Recently arrived local Scott Foster has a project for which he both produced the film and co-wrote the screenplay. The short, “Success Driven,” is the story of an Iranian musician and singer who becomes a successful Hollywood mutli-platinum recording artist. Foster also penned lyrics for the title song.

His introduction to the project was itself a story of serendipitous Hollywood good fortune — a chance meeting at a Beverly Hills bar produced an invitation to an Oscar party at which another chance meeting linked Foster to a record producer handling an Iranian artist. The rest is in the story. Yancey Arias directs “Success Driven.”

Idyllwild local Derek Ellingson returns with the short “Nothing Ventured.” Ellingson also had a short in IFC 2012, “In Sickness and in Health.”

“The Visit,” director Fara Pasarell’s featurette family saga of mother-daughter estrangement and possible reconciliation, costars Idyllwild local Sharon Lawrence.

Idyllwild Arts will showcase five student projects from its Moving Pictures Department:

“The Wingman,” a short (15 minutes) directed by Gabrielle and Angelo DiMarco; “Perfect,” a short (2 minutes) directed by Anna Q. Mayer; “A Family Like Mine,” a short (22 minutes) directed by Katherine “Tia” Dearns; “Life After Death,” a short (12 minutes) directed by Armani Rodriguez; and “Love Without End,” a short (17 minutes) directed by Ziqing “Rosey” Xu.

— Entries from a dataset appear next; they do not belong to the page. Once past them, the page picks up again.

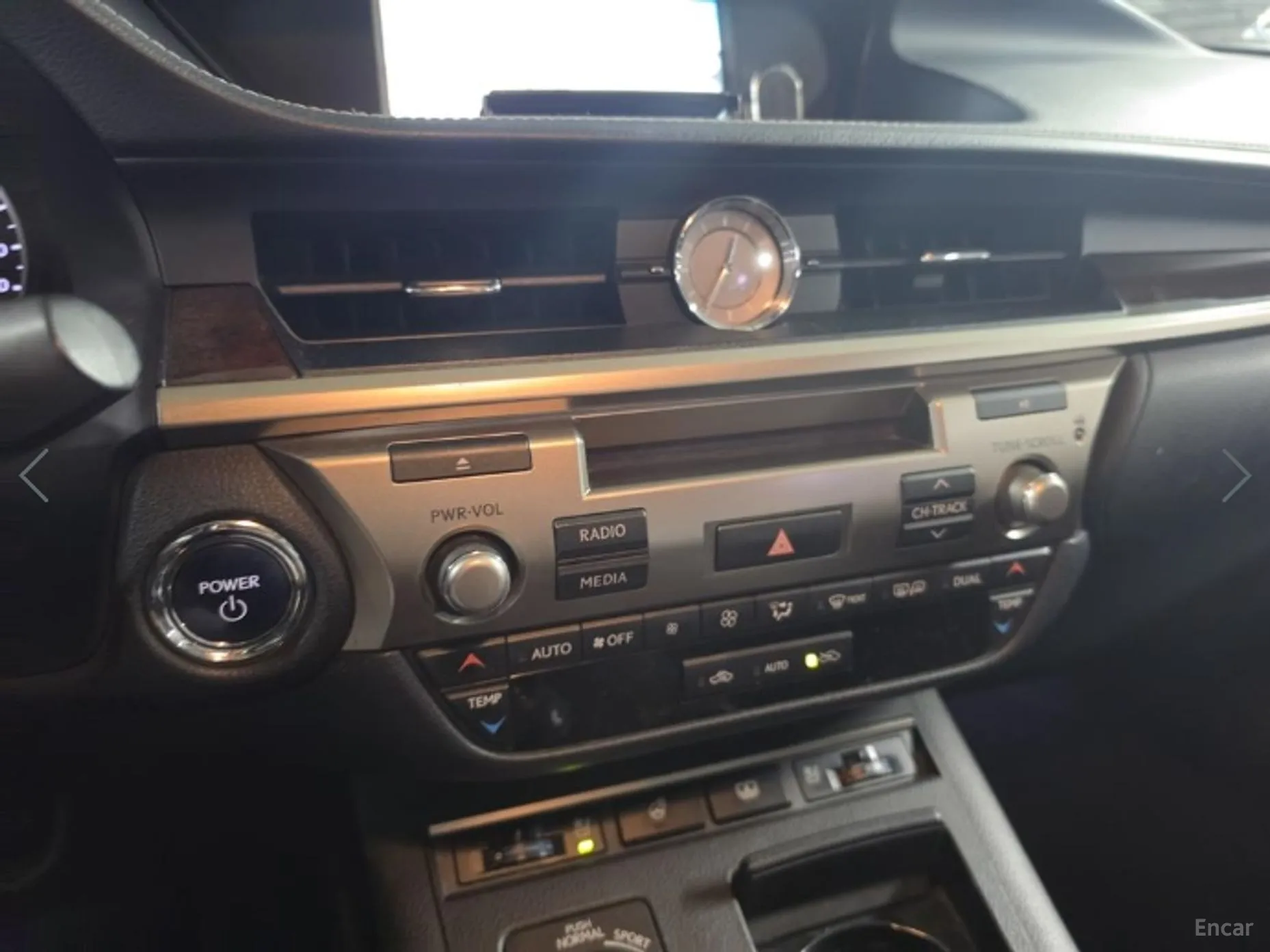 Lexus New ES300h превью 9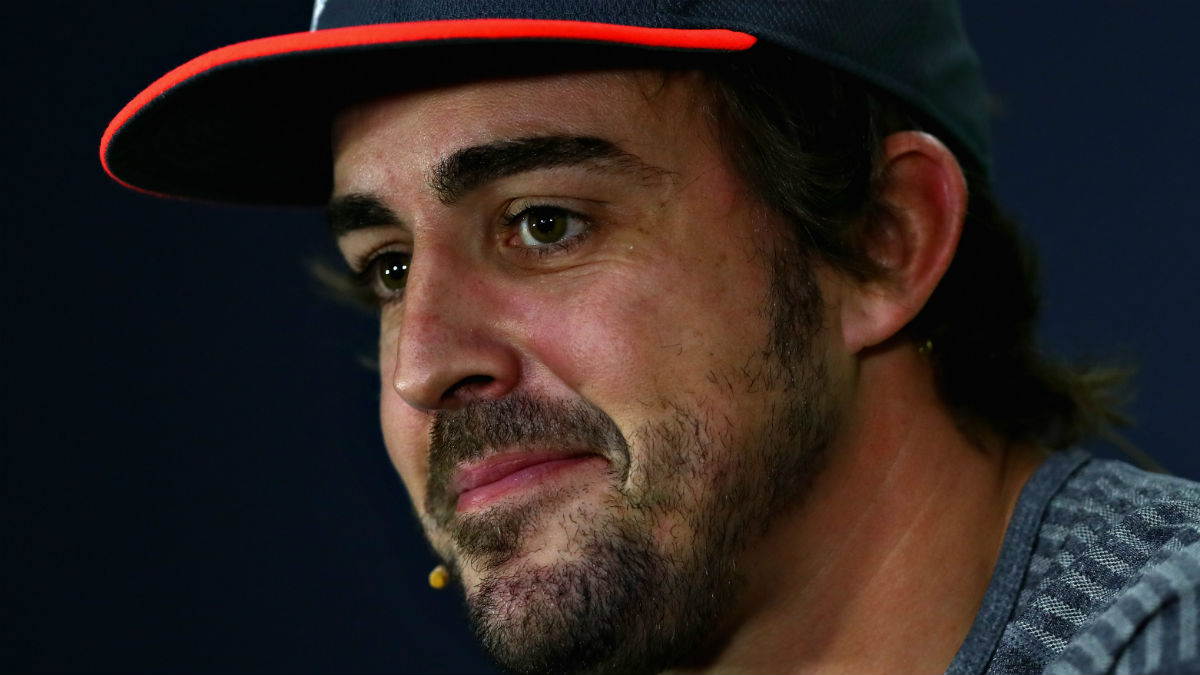 Fernando Alonso ha dado un plazo de tres meses a McLaren para mostrar mejoras ostensibles en su rendimiento, ya que de lo contrario no renovará su contrato. (Getty)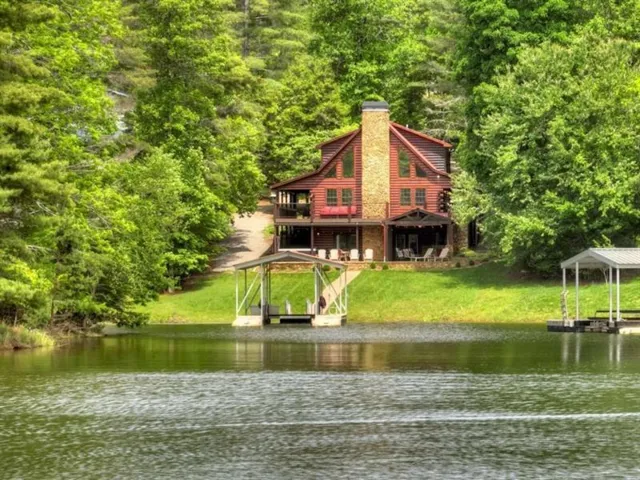 67 Lakeshore Drive, Blairsville, Georgia 30512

Idyllwild Arts Moving Pictures Department has built a national reputation with the quality of the films its high school students produce. The department competes with university film department heavyweights such as the University of Southern California, CalArts, UCLA, American Film Institute and Chapman College. Idyllwild Arts films will also screen in a KCET Festival of Student Films in North Hollywood on Jan. 15.